Kibar olmak adına elimi uzatıp incelemek istedim. Kollarımı kaldırdığım gibi aniden başıma giren ağrıyla istemeden dizlerimin bağı çözüldü, yere düşmeden beni yakalayan Ethed oldu. Elinde baktığı kıyafeti hızlıca tezgaha fırlatıp omuzlarımdan tuttu.
"İyi misin?"
"Evet..." İstemeden nefes nefese kalmıştım, sesim ağzımdan zar zor çıkan havayla anca duyuluyordu. "Bir şeye takıldım galiba."
...
Tezgahtar çocuk elinde tuttuğu soluk gri, kızıl şeritli işlemeleri olan atkı ile endişeyle bana bakıyordu. Ona gülümseyip bir şey olmadığını söyledim.
"Tamam bunu alıyorum."
Aldığımız kıyafetleri Ethed'in getirdiği büyük bez çantanın içine dikkatlice katlayıp yerleştirdik. İkindi vaktine kadar gezmeye devam ettik, çoğunlukla Ethed'i takip ediyordum. Kalabalık arasında insanları ve tezgahları izleyip, dinliyordum. Çeyizini dolduran genç kızlardan, yaşlı ailesinin kışı rahat geçirmesi için yeni kazandığı parayla kışlık bakan bir oğlana, açılacağı deniz seyahati için oğluna muska alan yaşlı bir anneye kadar bitmeyen hikayeler vardı. Farklı kaderler, bunların getirdiği tercihler. Hepimizi bu noktaya getirmişti, belki de tercihlerin kendilerinden çok onların nedenleri bizi sürüklüyordur.
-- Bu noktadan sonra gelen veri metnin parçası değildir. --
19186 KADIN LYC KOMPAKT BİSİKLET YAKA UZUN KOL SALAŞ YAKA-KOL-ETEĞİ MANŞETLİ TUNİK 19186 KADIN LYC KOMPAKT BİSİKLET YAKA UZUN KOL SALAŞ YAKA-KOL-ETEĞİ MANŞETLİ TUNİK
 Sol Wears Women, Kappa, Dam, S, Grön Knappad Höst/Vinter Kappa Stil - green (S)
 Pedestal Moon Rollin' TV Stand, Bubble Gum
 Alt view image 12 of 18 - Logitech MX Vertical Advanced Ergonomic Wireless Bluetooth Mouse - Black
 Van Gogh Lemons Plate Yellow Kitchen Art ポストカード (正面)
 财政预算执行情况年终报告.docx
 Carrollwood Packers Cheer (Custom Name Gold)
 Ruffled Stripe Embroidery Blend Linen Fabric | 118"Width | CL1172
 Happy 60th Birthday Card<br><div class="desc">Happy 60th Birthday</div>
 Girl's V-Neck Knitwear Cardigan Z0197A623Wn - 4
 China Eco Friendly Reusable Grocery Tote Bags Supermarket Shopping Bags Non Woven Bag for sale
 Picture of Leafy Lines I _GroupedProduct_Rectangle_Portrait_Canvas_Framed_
İnsanın seçebileceği tek şey kendi kararları, bunu elinden aldığında geriye kalan şey ne? Nedenlerimizi sorgulamazsak çıkabileceğimiz neresi? Hepimiz yağan kar gibiyiz, birbirinden farklı ve özel olsak da nereye varacağımız, neden varacağımız ve sonunda ne olacağımız belli. Hala kendimize özel demeye hakkımız var mı?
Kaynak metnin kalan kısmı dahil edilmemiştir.